Rating: Ask Again Later
Tournay – 1 play
We misplayed this one due to poor teaching on my part, but even with the corrected rules, I think that ultimately this one is not quite what I am looking for in a card game. This particular field is a crowded one for me, and any new game coming out having to compete with Race For the Galaxy, Innovation, Yomi, and Glory to Rome, so it is quite possible that if I was newer to the hobby or played more card games this one would be more interesting to me, but as it is I don’t think it would get played. If you are unhappy with the current available card games, or would like to try out one that is a bit more spatially oriented, it is worth checking out. If you already have a wide array of card games you are happy then you can probably pass on it.
Upon A Salty Ocean – 1 play
We played this one after Singapore after we calmed down a bit, though there were jokes about me helping to build the town’s monastery after all of the monasteries I burned down in Mage Knight (don’t look at me like that, I had a good reason!) and how they break your legs if you try to leave a family of salt-mongers. I was pretty pleased with this one and, similar to Ora et Labora, most of my concerns about interplay variability have been resolved by my play of this game.

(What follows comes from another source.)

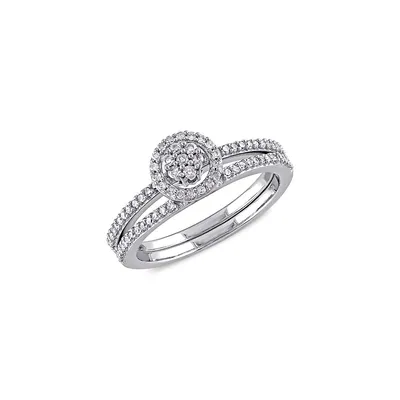 10K White Gold & 0.33 Ct Tw Diamond Cluster Halo Bridal Ring Set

The interaction in action selection and the variability of how the market tiles effect the game and building mixes impact player decisions is sufficient to make Upon A Salty Ocean a rather different experience between games. In our game we found that an investment strategy was triumphant, with the winner never even sending their ship to sail out to sea, with the player who did that saving enough actions that they were able to manipulate the market pretty effectively for several rounds, while using their other actions for working on the cathedral or other buildings. The fact that other people found fishing to be dominant is promising as it means that slightly different player actions or demand tiles can result in a rather different game experience. As it is, I am looking forward to exploring this one further. It seems to be the sort of game that the locals will like and with my copy arriving next week we should probably be able to investigate it further in the near future.
So all in all a good set of games. 2011 remains a strong year for me and I look forward to the challenge of deciding which of these excellent games to play the most over the next 6 months.